One section recounts how, following Syrian dictator Bashar al-Assad’s attack on civilians in April 2017, Trump told Secretary of Defense James Mattis that he wanted to “fucking kill” Assad already. “Let’s go in. Let’s kill the fucking lot of them,’ Trump said, according to Woodward book excerpts.
Mattis, who has since called the book “fiction,” reportedly declined to carry out such an order, and Assad remains in power.
Beyond the potentially world-altering Trump directives, Woodward, of course, has no shortage of petty, demeaning, thoroughly Trumpian refrains, besides the “retarded” jab at Sessions.

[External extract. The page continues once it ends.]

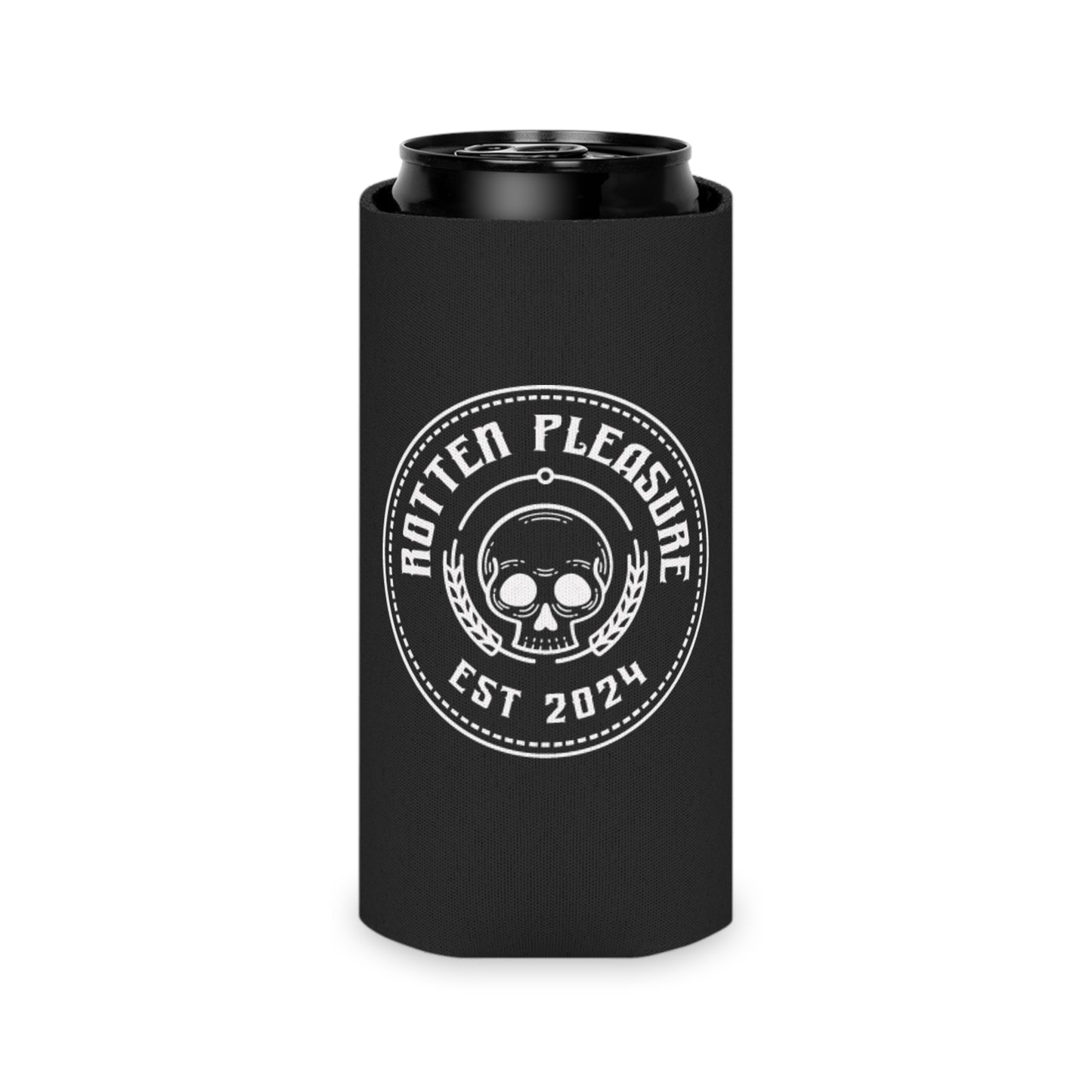 Dripping Skull Koozie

Trump, he writes, said that his former Chief of Staff Reince Priebus was “like a little rat;” blasted his predecessor Barack Obama as a “weak dick,” ragged on his former National Security Adviser H.R. McMaster’s supposedly cheap suits; and told his now 80-year-old Commerce Secretary Wilbur Ross, “I don’t trust you. I don’t want you doing any more negotiations… You’re past your prime.”
For those who know Trump, or have worked for him, none of this is much of a surprise. Sam Nunberg, a former Trump adviser who the president recently hate-tweeted as “a drunk/drugged up loser,” told The Daily Beast on Tuesday that though Trump never called him “retarded,” he did lob plenty of invective and “tough” talk his way.
“When I worked for then Mr. Trump, if he wasn’t pleased with something you did or your general performance, you would certainly hear from him and he’d raise his tone,” Nunberg recalled. “He could call you derogatory names [and say things like], ‘This is moronic, what’s going on with you?’ or, ‘You have a hearing problem or are you deaf?… You should get your ears checked,’ or, ‘What are you doing, you idiot?’ With that said, I’m not complaining about that, in fact it kind of motivated me.”
“To motivate someone,” Nunberg said, “he will often go after their weakness to their face.”